Motivation, Performances, Practicing

Music + Imagination

I often have students’ parents and grandparents tell me that they wish they had kept taking piano lessons.  I use this to encourage my current students, and tell them that it’s a gift to be able to sit down at an instrument and create music — a gift that can provide great pleasure to oneself and others.

Why do so many students quit?  I mean, I realize that it might not be feasible for everyone to take lessons for their whole life (although wouldn’t that be amazing?!), but still, why do so many people regret that they didn’t continue their lessons longer while they were young?  
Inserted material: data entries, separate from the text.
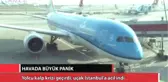 Yolcu Kalp Krizi Geçirdi, Uçak İstanbul'a Acil İndi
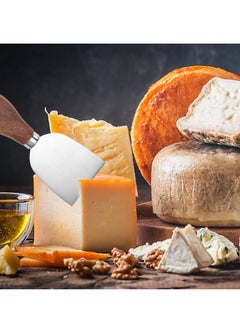Generic Cheese knife made of stainless steel  - Image 4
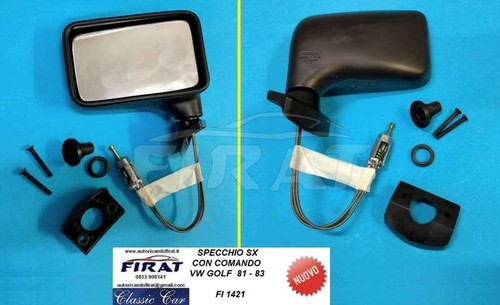 Specchio golf serie - vw, 1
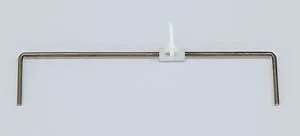 SIG Heavy-Duty squadretta centrale 4" flap elevatore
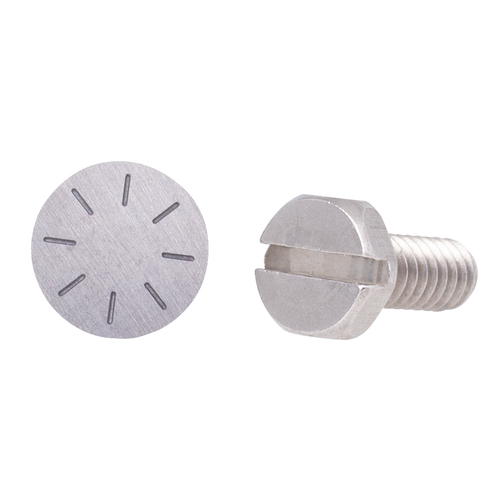 Positive Rake Round Tool Bit 5/16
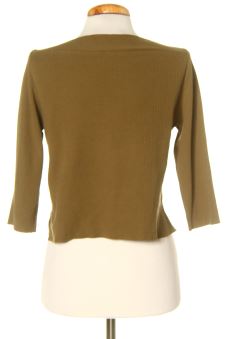 T-shirt à manches longues M Zara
I think one reason may be time restraints and schedule conflicts.  When it comes down to it, there are only 24 hours in a day, and you simply cannot do everything.

I think another reason might be a lack of inspiration.  I mean, what happens when an painter loses inspiration?  No painting gets painted.  What about a writer?  No words.  And what happens when a musician loses inspiration?  No music!  At least, no powerful, moving, emotion-filled music, like it should be.  When inspiration is gone, music making becomes a robotic task.

As soon as music lessons become only about getting all the notes right, following directions correctly, getting a certain amount of practice done each day — it becomes vain and endless.  No wonder students quit!  Those are not the end goals — those are only some of the many possible means to the end goal.  Music making should be like an adventure, where every day you get to experience new places and sensations.

Music making is all about causing a piece called “Peaceful Sunset” evoke a feelings and mental images of a calm, tranquil sunset of vivid reds and oranges at the beach on a warm summer evening.  It’s figuring out how make a piece entitled “Coconut Shuffle” transport you to a tropical place where the sound of crickets and Caribbean dance music fills the evening air.

Keeping inspiration alive is all about engaging the imagination.  After all, having an imagination is one of the major differences between humans and robots.

When engaging the imagination becomes the end goal, practice no longer seems like practice.   It becomes music making, and piano lessons become an apprenticeship, where you learn how to improve and fine-tune your music making skills.  Time constraints are no longer an issue when music making is something to do for fun, and something to look forward to.

As a teacher, this is my chief goal: to instill into each of my students a living, breathing zeal for music making that will last a lifetime.